What is required >>
Transcribe exactly the line containing "图片[9]-纯原版 Loewe x" plus every later line in the data.

Records from a collection:

::::

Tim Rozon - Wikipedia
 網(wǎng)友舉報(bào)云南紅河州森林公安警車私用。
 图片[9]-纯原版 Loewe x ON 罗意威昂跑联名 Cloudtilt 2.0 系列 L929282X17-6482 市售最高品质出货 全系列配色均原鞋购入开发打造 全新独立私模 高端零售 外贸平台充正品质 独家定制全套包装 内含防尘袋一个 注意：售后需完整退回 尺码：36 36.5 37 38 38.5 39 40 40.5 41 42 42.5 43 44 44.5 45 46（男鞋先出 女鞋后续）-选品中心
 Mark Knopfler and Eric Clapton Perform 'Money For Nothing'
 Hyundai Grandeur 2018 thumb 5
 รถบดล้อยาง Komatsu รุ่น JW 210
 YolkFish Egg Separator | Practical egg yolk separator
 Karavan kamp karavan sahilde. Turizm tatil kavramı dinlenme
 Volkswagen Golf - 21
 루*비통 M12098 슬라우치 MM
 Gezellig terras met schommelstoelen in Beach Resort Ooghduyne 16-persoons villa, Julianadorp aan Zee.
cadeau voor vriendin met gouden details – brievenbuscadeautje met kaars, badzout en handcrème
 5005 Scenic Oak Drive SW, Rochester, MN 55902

::::

Answer to this problem >>
 图片[9]-纯原版 Loewe x ON 罗意威昂跑联名 Cloudtilt 2.0 系列 L929282X17-6482 市售最高品质出货 全系列配色均原鞋购入开发打造 全新独立私模 高端零售 外贸平台充正品质 独家定制全套包装 内含防尘袋一个 注意：售后需完整退回 尺码：36 36.5 37 38 38.5 39 40 40.5 41 42 42.5 43 44 44.5 45 46（男鞋先出 女鞋后续）-选品中心
 Mark Knopfler and Eric Clapton Perform 'Money For Nothing'
 Hyundai Grandeur 2018 thumb 5
 รถบดล้อยาง Komatsu รุ่น JW 210
 YolkFish Egg Separator | Practical egg yolk separator
 Karavan kamp karavan sahilde. Turizm tatil kavramı dinlenme
 Volkswagen Golf - 21
 루*비통 M12098 슬라우치 MM
 Gezellig terras met schommelstoelen in Beach Resort Ooghduyne 16-persoons villa, Julianadorp aan Zee.
cadeau voor vriendin met gouden details – brievenbuscadeautje met kaars, badzout en handcrème
 5005 Scenic Oak Drive SW, Rochester, MN 55902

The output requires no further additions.